Vatandaş gıda tekellerinin eline bırakılmamalı

-Ali bey, bu hafta Eskişehir üzerine genel bir değerlendirme yapalım istiyorum. Eskişehir’de vatandaş şu sıralar neler konuşuyor?

-Siyaseti siyasetçiler ve gazeteciler konuşuyor. Halk ise hayat pahalılığını konuşmaya devam ediyor. Bu bakımdan birkaç gün önce Eskişehir İlk Haber’in manşetinde yer alan “Sebze ve meyvede keyfi fiyat dönemi”  başlıklı haberin iyi analiz edilmesi gerektiğini düşünüyorum.

-Sizin düşünceniz nedir bu konuda?

-Marketlere gidin bakın sürekli her şeye zam geliyor. Ürünlerin fiyatları gün günü tutmuyor! Marketler tutturabildiğine satıyor. Aynı ürünün fiyatı markete göre değişiyor. Limondan örnek verelim! Geçen ay kilosu 20 lira olan limon kimi market ve pazarlarda önce 60 liraya çıktı. En son 80 lirayı geçip 90 lirayı zorlamaya başladı. TUİK rakamlarıyla yapılan zamlar asla örtüşmüyor.  Zamma konu olacak argümanlar ortada yok. Döviz olduğu yerde duruyor, akaryakıta zam yok! Asgari ücret artmıyor. Enflasyonda artmıyor.

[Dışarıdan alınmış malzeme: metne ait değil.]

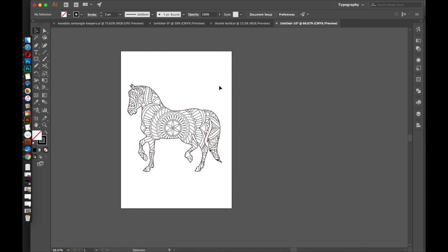Then you just export this as a JPEG, as a PNG, whatever you need for your project. And then just embed this image into your coloring book PDF.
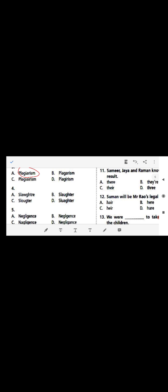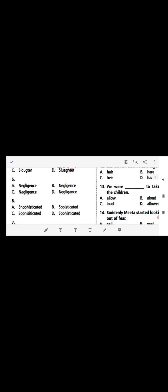Question four: 'slaughter'. Slaughter means the killing of animals for food. The correct spelling is S-L-A-U-G-H-T-E-R. Question five: 'negligence'. Negligence means when you are not careful about something. The correct spelling, option A, is N-E-G-L-I-G-E-N-C-E.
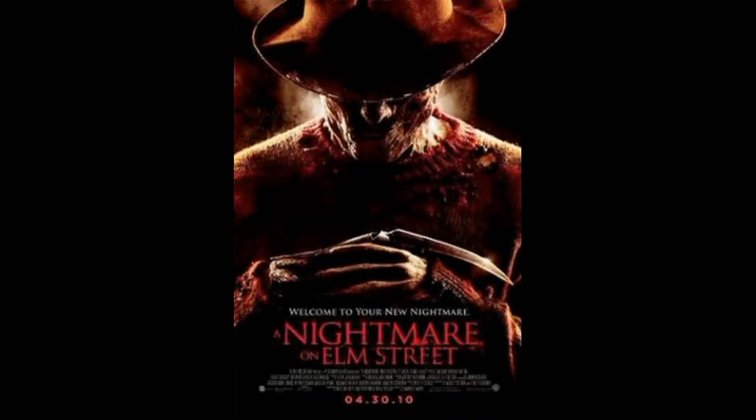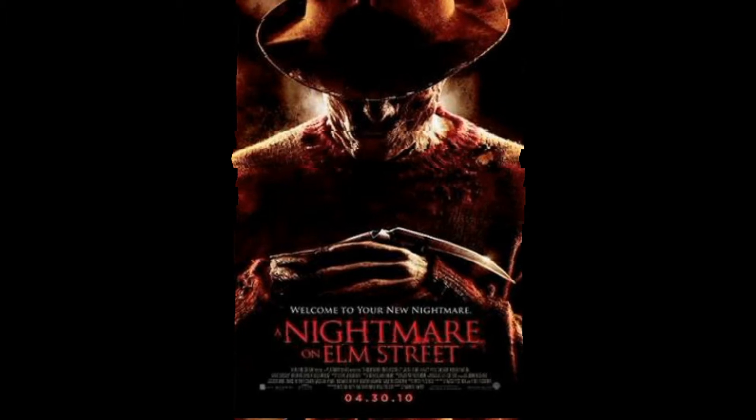This remake brings back scary Freddy Krueger, dream demon that lives in the nightmares of the children of the people who killed him. Pros: scary Freddy is back! Oh my god, y'all, I cannot tell you how happy this makes me. I love scary Freddy.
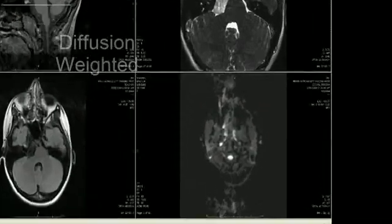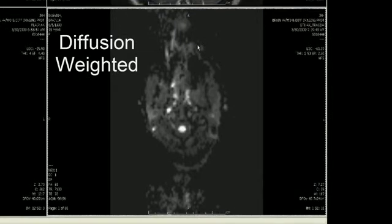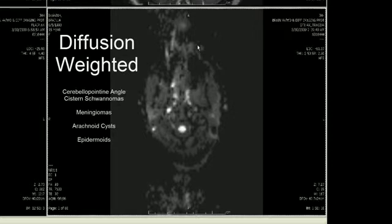The next pulse sequence to look at is our diffusion-weighted scan, because when we have an extra-axial mass, our differential diagnosis includes cerebellopontine angle cistern schwannomas, meningiomas, arachnoid cysts, and epidermoids.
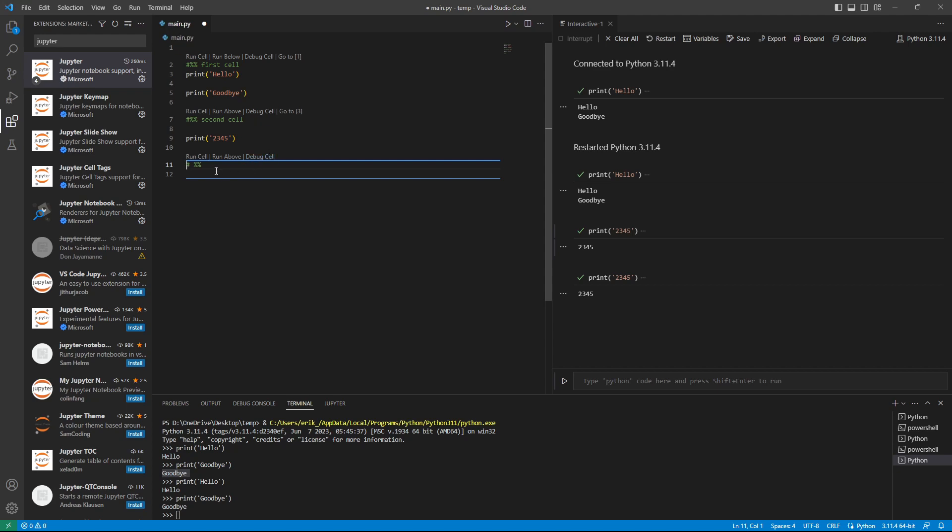And if we are in the last cell, we make another cell, and we can program here.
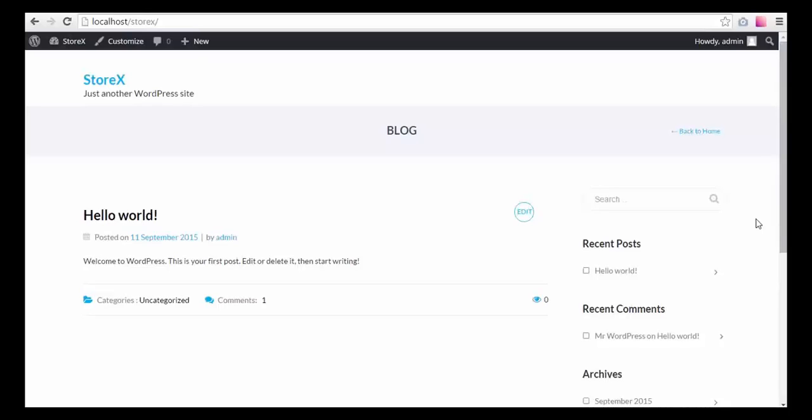Hello everyone, this is Stefan and I'm going to talk about sample data installation for Storx Theme.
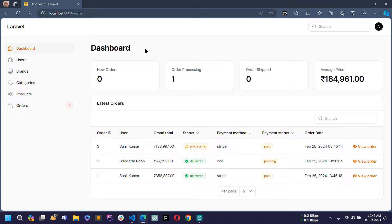Hello world, welcome back to my channel. I am Sahil and we are developing an e-commerce project using Laravel 10. In the previous video you already saw how I completed the admin panel using Filament PHP 3. Now from today I'm going to start working on the end-user panel, that is the customer panel, and for that I will first install some frameworks.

-Ali bey öyleyse bu zamların yapılma gerekçesi nedir?

Geriye tek seçenek kalıyor… Demek ki bazı gıda ürünlerinde üretim düşük oluyor ki fiyatlar artıyor. Fiyatlar artınca talepler kısıtlanmış olur.  Böylelikle enflasyonu düşürmüş olabilirsiniz! Ancak artık vatandaş sadece gıda maddelerine para harcıyor. Bunlardan ne kadarını kısıtlayabilir ki! Bir de olayın başka bir boyutu var. Mersin’e gidin bakın. Limon üreticisi limonu bahçeden toplamıyor. Toplayıp tüccara verse zarar edecek. Bu nedenle bahçede bırakmayı tercih ediyor. Dünyada gıda fiyatları sürekli düşerken Türkiye’de artması olacak iş değil!

-Peki çözüm nedir?

-Çözüm son derece basit. Üretici desteklenmeli! Aradaki aracılar azaltılmalı. Kar marjını devletin kendisi belirlemeli, vatandaş tekellerin insafına bırakılmamalı.

-Bir de çok tartışılan sokak hayvanları ile ilgili tartışılan yasa tasarısı var. Ötenazinin yasadan çıkarıldığı belirtiliyor. Bu konuda neler söylemek istersiniz…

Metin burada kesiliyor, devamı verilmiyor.